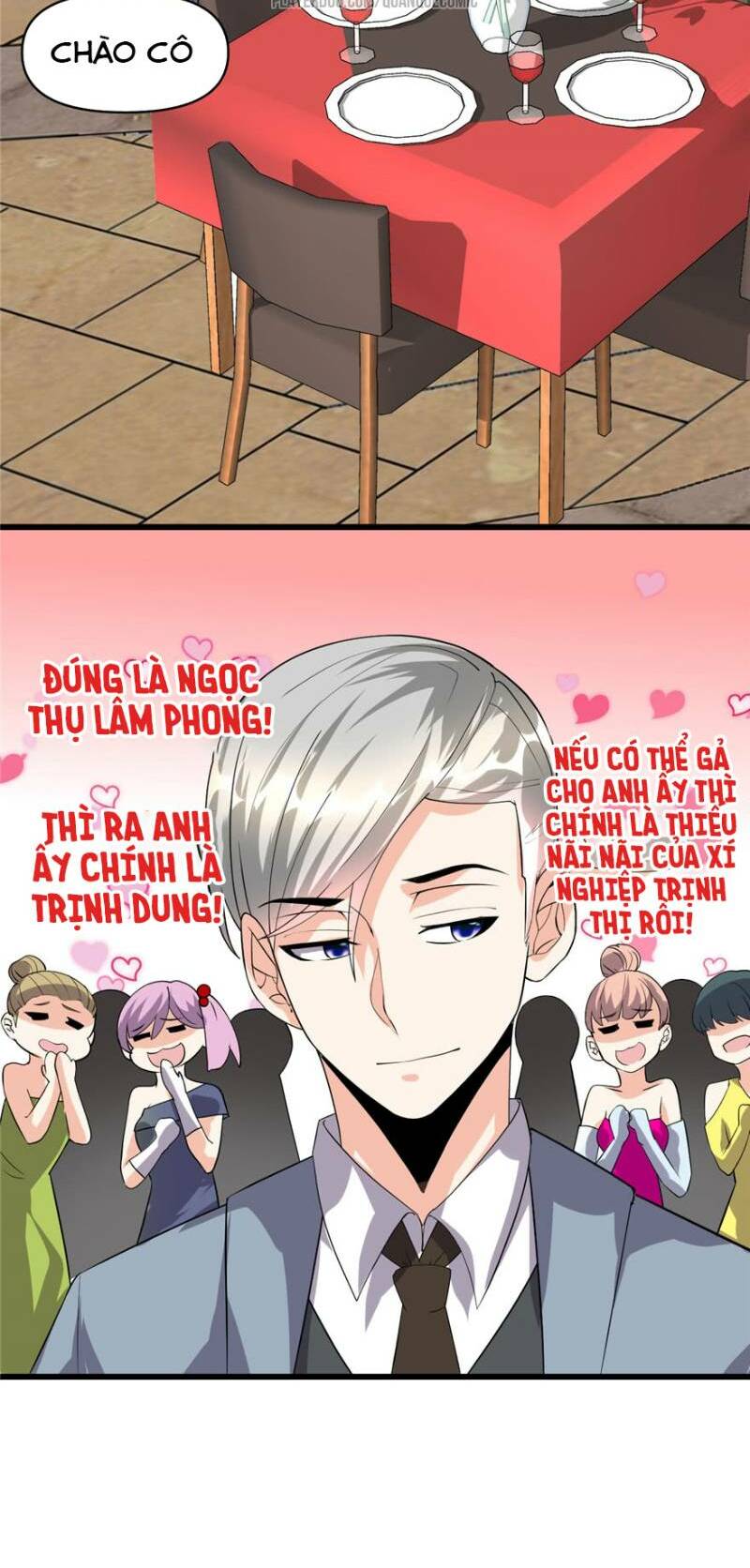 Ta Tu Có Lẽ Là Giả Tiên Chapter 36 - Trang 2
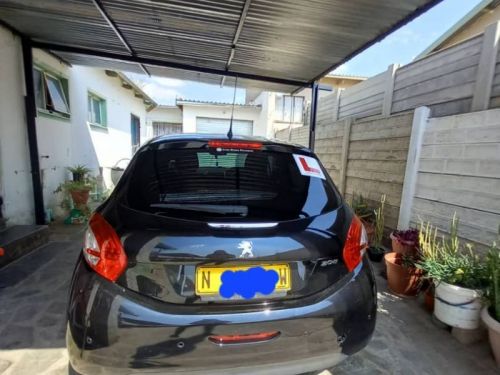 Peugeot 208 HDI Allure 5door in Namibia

━━━━━━━━━━━━━━━━━━━━━━━━━━━━━━

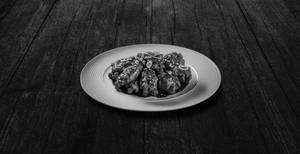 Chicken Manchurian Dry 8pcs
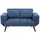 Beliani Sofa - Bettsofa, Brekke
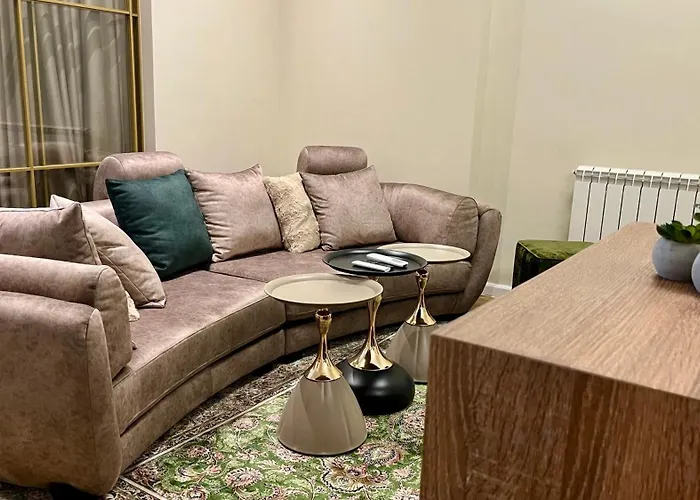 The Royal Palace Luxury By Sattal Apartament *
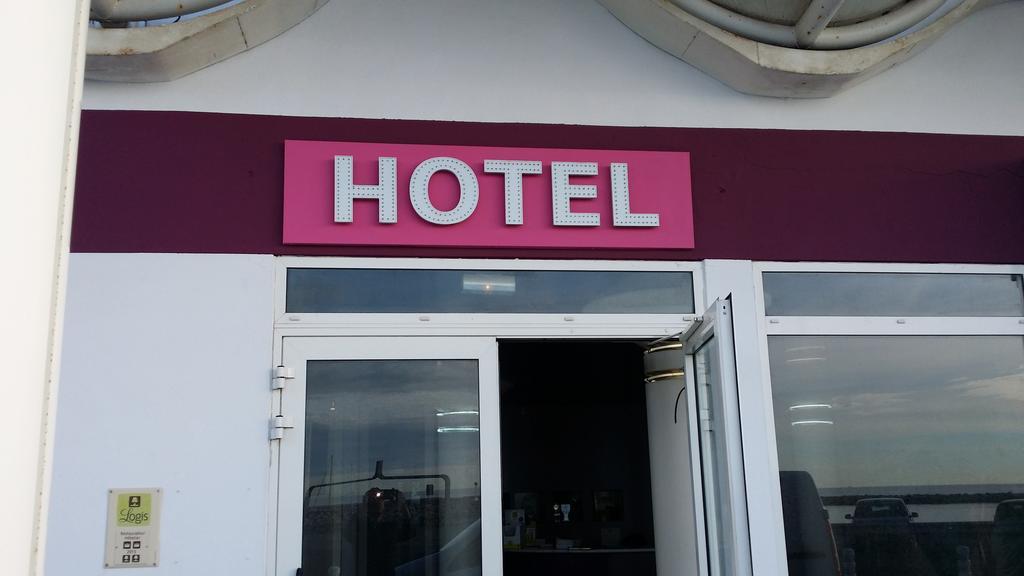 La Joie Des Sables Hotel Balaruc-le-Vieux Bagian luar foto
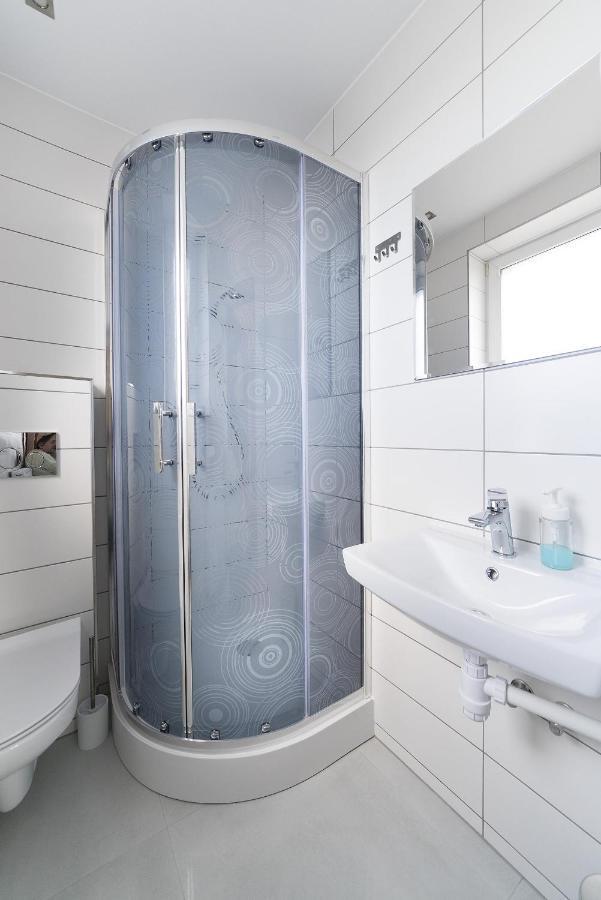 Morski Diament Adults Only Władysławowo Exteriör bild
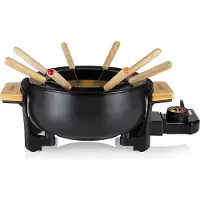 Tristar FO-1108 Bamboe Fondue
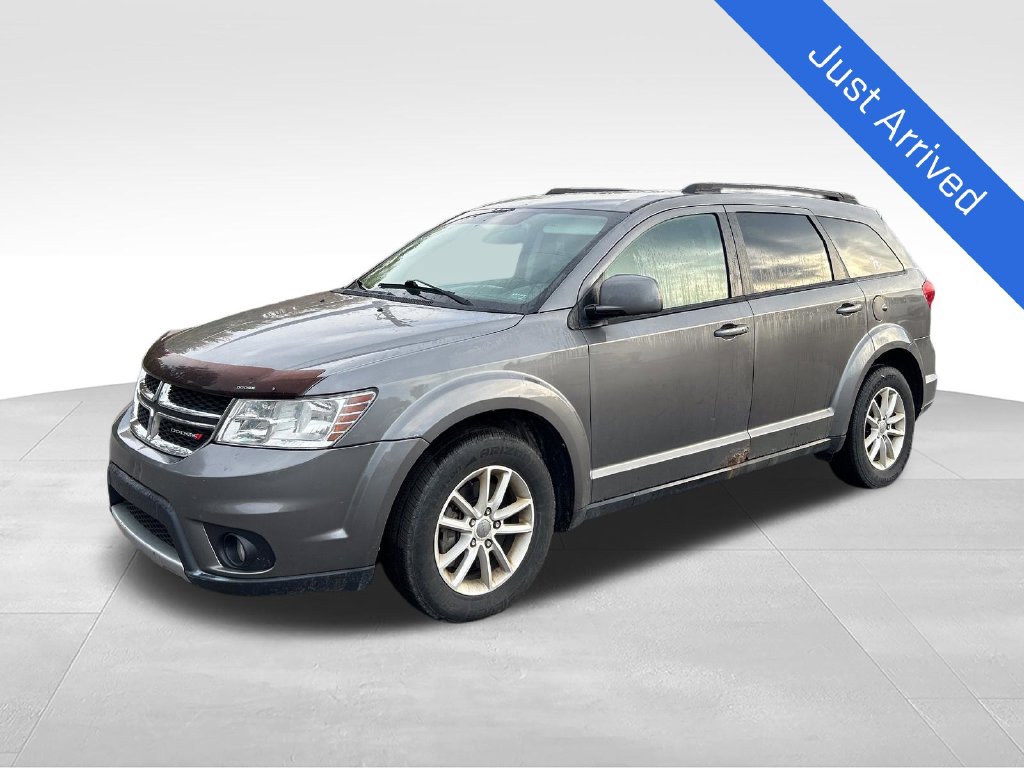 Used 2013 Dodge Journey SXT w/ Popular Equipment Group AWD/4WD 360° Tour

━━━━━━━━━━━━━━━━━━━━━━━━━━━━━━

**WORK TASK**
Your answer is the exact run of lines above from the one with "Ta Tu Có Lẽ Là Giả Tiên Chapter 36 - Trang 2" through the one with "Peugeot 208 HDI Allure 5door in Namibia", both ends included, minus any picture.

**YOUR SOLUTION**
 Ta Tu Có Lẽ Là Giả Tiên Chapter 36 - Trang 2
 Peugeot 208 HDI Allure 5door in Namibia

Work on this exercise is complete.